# [2009 NBA Playoffs 1st Round Game 2] Houston Rockets at Portland Trail Blazers



## Cornholio (Feb 13, 2005)

*[1-0]*


*ROSE GARDEN
Tuesday, 4/21
10:00 PM ET
NBA TV*​


----------



## mtlk (Apr 25, 2005)

A tough one to win though, but feed :mvp: and hope our role players play like they did on game one.


----------



## Spaceman Spiff (Aug 2, 2006)

Must win game.


----------



## OneBadLT123 (Oct 4, 2005)

No mercey for the Blazers.


----------



## jdiggidy (Jun 21, 2003)

I think this game as well as this series boils down to, "IF, the officials continue to officate Yao appropriately (FAIRLY) as they did in game one the Rockets should win this series."

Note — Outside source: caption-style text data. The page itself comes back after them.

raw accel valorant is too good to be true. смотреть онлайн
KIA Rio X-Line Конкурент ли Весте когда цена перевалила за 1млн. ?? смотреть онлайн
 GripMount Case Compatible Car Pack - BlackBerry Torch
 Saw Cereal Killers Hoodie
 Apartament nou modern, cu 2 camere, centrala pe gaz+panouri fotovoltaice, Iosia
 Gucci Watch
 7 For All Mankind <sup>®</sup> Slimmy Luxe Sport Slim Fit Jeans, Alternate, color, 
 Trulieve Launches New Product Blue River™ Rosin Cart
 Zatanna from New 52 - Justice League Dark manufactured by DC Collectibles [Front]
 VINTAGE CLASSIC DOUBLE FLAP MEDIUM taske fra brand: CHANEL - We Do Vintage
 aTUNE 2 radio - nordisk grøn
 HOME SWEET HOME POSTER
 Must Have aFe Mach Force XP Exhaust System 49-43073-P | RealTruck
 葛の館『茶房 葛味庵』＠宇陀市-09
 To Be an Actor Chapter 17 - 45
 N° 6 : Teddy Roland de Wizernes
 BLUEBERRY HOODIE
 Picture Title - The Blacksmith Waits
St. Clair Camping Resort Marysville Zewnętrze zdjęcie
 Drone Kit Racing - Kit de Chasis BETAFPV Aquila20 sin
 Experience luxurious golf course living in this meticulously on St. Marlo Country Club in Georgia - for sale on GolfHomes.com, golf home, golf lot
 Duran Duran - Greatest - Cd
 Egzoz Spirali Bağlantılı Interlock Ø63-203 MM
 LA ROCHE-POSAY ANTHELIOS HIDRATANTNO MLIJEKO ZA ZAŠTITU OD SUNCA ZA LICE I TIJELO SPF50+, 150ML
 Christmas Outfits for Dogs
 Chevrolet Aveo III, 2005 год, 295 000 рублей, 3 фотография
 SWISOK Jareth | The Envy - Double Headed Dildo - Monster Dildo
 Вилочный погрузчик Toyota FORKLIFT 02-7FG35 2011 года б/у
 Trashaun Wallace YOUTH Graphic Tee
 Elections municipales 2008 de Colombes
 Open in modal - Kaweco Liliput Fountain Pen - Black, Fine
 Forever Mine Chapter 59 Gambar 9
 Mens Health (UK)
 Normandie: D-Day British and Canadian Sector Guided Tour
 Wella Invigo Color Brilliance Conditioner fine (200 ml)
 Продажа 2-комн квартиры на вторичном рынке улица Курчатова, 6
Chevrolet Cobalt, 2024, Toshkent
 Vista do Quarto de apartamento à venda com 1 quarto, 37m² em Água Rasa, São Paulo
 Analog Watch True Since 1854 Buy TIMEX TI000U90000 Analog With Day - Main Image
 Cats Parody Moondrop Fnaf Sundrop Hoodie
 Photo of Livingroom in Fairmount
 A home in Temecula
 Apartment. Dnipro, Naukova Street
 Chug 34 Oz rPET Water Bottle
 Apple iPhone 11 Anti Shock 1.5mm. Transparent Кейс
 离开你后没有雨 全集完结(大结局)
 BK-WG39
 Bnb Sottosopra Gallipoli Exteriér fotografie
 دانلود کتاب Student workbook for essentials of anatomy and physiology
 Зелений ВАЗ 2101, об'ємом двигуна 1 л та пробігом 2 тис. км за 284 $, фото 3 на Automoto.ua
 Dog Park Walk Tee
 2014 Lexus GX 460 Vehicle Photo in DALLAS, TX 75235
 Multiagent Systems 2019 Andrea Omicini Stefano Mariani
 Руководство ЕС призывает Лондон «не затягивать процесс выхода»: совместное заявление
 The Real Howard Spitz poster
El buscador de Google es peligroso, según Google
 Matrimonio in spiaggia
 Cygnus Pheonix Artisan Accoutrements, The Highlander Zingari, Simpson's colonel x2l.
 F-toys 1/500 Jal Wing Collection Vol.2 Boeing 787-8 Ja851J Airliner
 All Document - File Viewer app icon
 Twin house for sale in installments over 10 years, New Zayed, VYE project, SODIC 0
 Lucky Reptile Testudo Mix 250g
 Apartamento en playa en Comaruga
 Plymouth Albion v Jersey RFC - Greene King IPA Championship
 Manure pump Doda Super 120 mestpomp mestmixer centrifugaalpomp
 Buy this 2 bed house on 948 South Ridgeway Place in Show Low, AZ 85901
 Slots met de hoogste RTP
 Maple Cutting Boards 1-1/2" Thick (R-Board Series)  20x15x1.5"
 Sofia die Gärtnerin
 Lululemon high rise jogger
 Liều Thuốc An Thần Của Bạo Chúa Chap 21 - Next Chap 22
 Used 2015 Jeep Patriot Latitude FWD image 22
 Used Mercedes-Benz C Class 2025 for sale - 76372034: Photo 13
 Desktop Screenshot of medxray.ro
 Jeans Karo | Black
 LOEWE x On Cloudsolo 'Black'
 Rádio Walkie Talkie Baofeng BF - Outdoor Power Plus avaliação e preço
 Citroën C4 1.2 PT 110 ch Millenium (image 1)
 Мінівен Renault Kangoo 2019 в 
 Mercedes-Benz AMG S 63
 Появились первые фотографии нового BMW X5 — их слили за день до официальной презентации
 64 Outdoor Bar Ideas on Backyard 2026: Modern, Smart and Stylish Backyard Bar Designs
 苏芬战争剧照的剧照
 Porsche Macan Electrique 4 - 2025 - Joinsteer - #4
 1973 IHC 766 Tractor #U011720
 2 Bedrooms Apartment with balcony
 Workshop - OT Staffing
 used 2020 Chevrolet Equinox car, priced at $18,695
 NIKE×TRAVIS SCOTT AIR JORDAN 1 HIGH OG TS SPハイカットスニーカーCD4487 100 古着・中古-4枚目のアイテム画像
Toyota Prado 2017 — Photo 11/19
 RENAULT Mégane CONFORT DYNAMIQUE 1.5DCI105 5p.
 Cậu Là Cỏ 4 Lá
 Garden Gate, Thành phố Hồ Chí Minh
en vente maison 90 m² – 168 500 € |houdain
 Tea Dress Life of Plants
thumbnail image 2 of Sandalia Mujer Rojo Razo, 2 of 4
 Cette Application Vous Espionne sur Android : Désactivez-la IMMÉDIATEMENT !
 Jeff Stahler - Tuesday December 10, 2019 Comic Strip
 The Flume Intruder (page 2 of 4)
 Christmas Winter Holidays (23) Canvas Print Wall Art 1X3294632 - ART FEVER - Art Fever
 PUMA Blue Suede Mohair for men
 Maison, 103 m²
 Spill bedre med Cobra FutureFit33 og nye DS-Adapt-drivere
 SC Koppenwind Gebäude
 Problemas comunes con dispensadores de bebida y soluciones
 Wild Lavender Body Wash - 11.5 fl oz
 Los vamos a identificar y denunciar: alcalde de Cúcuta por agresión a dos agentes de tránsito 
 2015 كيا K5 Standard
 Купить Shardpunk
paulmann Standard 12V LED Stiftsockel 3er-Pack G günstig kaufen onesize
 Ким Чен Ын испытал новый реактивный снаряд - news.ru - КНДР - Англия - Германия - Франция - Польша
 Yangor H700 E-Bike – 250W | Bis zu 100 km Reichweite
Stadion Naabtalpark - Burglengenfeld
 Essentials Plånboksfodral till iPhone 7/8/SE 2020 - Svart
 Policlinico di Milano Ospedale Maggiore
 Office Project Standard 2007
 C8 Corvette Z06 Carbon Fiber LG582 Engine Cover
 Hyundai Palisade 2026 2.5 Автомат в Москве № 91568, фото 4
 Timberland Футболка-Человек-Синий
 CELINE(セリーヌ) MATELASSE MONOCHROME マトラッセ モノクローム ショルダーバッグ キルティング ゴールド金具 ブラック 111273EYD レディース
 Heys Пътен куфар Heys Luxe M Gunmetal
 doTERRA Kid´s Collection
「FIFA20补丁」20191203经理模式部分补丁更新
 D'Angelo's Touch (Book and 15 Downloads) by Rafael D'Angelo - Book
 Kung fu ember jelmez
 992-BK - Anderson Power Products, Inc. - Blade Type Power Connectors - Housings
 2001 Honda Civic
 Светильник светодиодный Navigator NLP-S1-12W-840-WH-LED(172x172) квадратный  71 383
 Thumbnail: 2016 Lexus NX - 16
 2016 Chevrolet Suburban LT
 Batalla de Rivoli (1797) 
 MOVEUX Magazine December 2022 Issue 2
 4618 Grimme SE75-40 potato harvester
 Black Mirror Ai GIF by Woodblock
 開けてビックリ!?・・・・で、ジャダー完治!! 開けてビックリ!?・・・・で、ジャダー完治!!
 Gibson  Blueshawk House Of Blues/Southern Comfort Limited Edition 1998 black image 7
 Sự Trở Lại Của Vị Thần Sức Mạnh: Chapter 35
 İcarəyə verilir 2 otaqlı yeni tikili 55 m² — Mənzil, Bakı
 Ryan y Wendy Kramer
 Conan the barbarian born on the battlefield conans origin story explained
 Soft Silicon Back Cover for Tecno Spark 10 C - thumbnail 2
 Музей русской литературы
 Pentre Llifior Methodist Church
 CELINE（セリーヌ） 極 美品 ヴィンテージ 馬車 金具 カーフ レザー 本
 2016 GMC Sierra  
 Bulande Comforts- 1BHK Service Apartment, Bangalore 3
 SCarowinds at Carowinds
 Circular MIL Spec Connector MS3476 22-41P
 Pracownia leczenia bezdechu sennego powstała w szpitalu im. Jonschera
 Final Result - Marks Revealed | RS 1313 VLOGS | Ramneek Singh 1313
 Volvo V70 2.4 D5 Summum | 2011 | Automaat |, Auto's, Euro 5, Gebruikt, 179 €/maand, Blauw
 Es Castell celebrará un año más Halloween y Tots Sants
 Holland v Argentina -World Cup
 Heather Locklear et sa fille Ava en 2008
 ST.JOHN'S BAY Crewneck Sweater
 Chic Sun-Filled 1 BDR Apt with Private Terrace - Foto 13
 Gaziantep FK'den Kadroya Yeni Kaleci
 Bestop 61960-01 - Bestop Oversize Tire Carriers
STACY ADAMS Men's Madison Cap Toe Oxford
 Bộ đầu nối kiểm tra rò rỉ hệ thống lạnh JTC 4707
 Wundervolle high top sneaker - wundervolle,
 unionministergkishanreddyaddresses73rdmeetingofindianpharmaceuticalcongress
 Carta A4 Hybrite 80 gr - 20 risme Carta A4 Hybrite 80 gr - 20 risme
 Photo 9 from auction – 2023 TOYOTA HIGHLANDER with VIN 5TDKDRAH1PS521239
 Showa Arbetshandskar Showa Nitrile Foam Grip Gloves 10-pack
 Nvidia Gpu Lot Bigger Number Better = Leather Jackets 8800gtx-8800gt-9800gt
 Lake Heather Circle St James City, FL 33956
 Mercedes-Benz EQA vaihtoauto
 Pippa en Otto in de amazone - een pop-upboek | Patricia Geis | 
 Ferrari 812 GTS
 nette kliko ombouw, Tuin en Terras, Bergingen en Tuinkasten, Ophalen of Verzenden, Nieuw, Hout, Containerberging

I forgot the AB/Oregon tie. He had a great first game. We need to go into this game not looking to split but to win both games.

Come on Rockets!!!


----------



## Cornholio (Feb 13, 2005)

_*Preview*_​


> Considering Yao Ming's flawless shooting in Houston's playoff-opening victory over Portland, the Trail Blazers are rethinking their strategy for the Rockets' towering center.
> 
> "We tried to play behind him. So we'll make adjustments for the next game," Blazers center Joel Przybilla said. "He hit every shot he took so we gotta do something."
> 
> ...


----------



## nycblazersfan (Apr 21, 2009)

Anyone know if this game will be televised? On nba.com and espn.com I only see listings for nbatv (while the other games today are on TNT). Yes, I'm a fan of the enemy team  but I'm hoping someone here has some info they are willing to share! Let's hope for an exciting game tonight!


----------



## Cornholio (Feb 13, 2005)

nycblazersfan said:


> Anyone know if this game will be televised? On nba.com and espn.com I only see listings for nbatv (while the other games today are on TNT). Yes, I'm a fan of the enemy team  but I'm hoping someone here has some info they are willing to share! Let's hope for an exciting game tonight!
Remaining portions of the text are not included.